The following are key points to remember from a state-of-the-art review on social determinants of health (SDoH) in cardio-oncology:

  1. Both childhood and adult cancer survivors are at a higher risk for early-onset cardiovascular diseases (CVDs), such as hypertension, heart failure, and arrhythmias, due to cancer therapies and adverse SDoH.
  2. Lower socioeconomic status (SES), characterized by poverty and lower educational attainment, correlates with higher rates of relapse and mortality in cancer patients, and contributes to increased risks of obesity, diabetes, and other CVD risk factors.
  3. Structural racism and limited health care access impede early detection and treatment of CVD in cancer patients, leading to delayed care and worse health outcomes among racial and ethnic minorities.
  4. Lower educational attainment impacts the ability to navigate the health care system, advocate for quality care, and engage in health-promoting behaviors, thereby worsening CVD outcomes in cancer patients from underrepresented groups.

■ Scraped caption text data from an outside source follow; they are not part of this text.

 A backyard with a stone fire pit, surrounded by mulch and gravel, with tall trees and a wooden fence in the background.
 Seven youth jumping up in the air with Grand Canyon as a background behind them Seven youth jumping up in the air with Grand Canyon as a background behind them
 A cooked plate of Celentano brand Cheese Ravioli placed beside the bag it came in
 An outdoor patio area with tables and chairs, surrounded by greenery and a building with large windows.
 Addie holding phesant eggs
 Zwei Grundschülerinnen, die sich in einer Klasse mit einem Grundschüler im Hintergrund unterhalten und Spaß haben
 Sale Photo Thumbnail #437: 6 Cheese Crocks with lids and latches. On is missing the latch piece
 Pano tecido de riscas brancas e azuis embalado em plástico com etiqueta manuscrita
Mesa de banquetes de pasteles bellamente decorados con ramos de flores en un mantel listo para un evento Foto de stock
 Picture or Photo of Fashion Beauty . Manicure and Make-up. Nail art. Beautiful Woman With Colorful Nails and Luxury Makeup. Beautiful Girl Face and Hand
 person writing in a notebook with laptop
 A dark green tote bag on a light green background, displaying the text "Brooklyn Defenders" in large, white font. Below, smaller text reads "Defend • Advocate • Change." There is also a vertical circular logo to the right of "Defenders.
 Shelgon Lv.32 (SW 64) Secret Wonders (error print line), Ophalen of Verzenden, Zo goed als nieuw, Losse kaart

  5. Living in disadvantaged neighborhoods with poor access to health care facilities and recreational spaces increases the risk of sedentary behavior, poor diet, and subsequent CVD in cancer survivors.
  6. Chronic psychological stress, adverse childhood experiences, and depression are linked to higher cardiovascular risks in cancer patients. Support systems and community cohesion can mitigate these risks.
  7. Lack of access to nutritious food disproportionately affects socioeconomically disadvantaged cancer patients, contributing to poor cardiovascular health and increased mortality.
  8. Chronic exposure to adverse SDoH activates biological pathways, such as the hypothalamic-pituitary-adrenal axis and inflammatory responses, contributing to CVD and cancer therapy-related toxicities.
  9. Geographic limitations, particularly in rural areas, and financial barriers to care hinder access to specialized cardio-oncology services, leading to suboptimal management of CVD in cancer patients.
  10. Active involvement of community stakeholders and continuous feedback are essential to tailor interventions that address the specific needs and barriers faced by diverse populations in cardio-oncology care.